Ever since it deleted a troll account fifteen minutes after its creation last week, Gab.com’s commitment to free speech has been in doubt. One cannot both preach free speech and delete critics. This shows the precarious position Gab.com finds itself in as social media plummets in usage at the same time new options arise for conservatives.
The question now is whether the bloom is off the rose merely for large social media companies, or for social media in general. Clearly Facebook and Twitter have made people hate them, but it may be that with their downfall, the idea of social media as “good” also falls. As one writer points out, social media companies revealed that beneath the smooth exterior they were in fact everyday con men:
Social media companies, most notably Facebook, have faced a reckoning in the past year, with reports surfacing about an infiltration of Russian propaganda to influence elections, misuse user data, and countless other examples of the platform being used for ill.
As a society, we’re starting to lose faith in our technology icons, especially in light of the questionable decisions made by the once-beloved Facebook COO Sheryl Sandberg, and reports about early Facebook employees who got rich and now have the luxury of preventing their own kids from using social media.
#DeleteFacebook, once unthinkable, is now a very real trend.
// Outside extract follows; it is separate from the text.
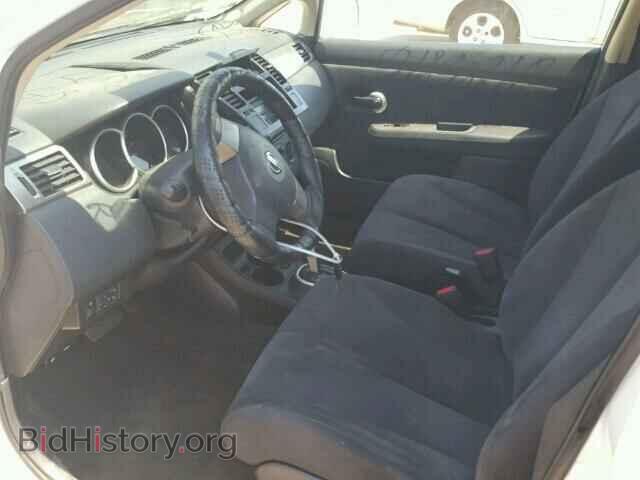 2008 NISSAN VERSA - VIN: 3N1BC11E88L445703 - Фото 5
And it poses a growing threat to Facebook’s bottom line, and its future.
When the employees of successful social media firms keep their kids off of the platform, the companies are clearly revealed manipulating data, and we see people backing away and not feeling a sense of loss, it means that this technology trend is following others into the abyss.
Once, AOL Messenger ruled the internet; no one has seen it lately. Once, Myspace had as large a share of the internet audience as Facebook now does, but it has vanished without a trace. Trends come and go, and if they are on their way out, then the share of the pie for new social media companies is shrinking.
With the entrance of new competitors into the field like TrumpTown, we see the window closing for Gab.com. It gained prominence because conservatives were tired of being censored on Twitter, and promised “free speech” as an alternative. As it turns out, most conservatives simply want a space where they can talk about regular conservative topics, and are less concerned with providing an outlet for the most extreme speech.
Gab.com has given themselves a justification to delete just about any content by categorizing it as “threatening”:
Furthermore, we actively monitor the site for speech that crosses the line from the merely outrageous into the truly threatening or unlawful. Where criminal activity is brought to our attention, we act swiftly to curtail it and, where possible, cooperate with law enforcement to ensure our users’ safety – real, physical, safety, not wishy-washy millennial “safe space” safety – is secured.
This comes from their most recent mailing to subscribers, which extensively touted Gab.com’s free speech agenda. However, nowhere do they mention deleting troll accounts, unless we are to assume that those were “truly threatening” by some interpretation. One might view trolls as threatening to Gab.com, and therefore under the letter of their commitment, able to be deleted.
In the meantime, most of the far-Right have realized that companies like Gab.com are more interested in mainstream Trump supporters than extremists, and have gone back to forums, smaller websites, IRC, and looser messaging formats. A company that deletes trolls will over time come to delete anyone who rocks the boat and threatens its profit model, which means that any far-Righter posting there risks having his or her entire contribution erased, along with it hours of effort.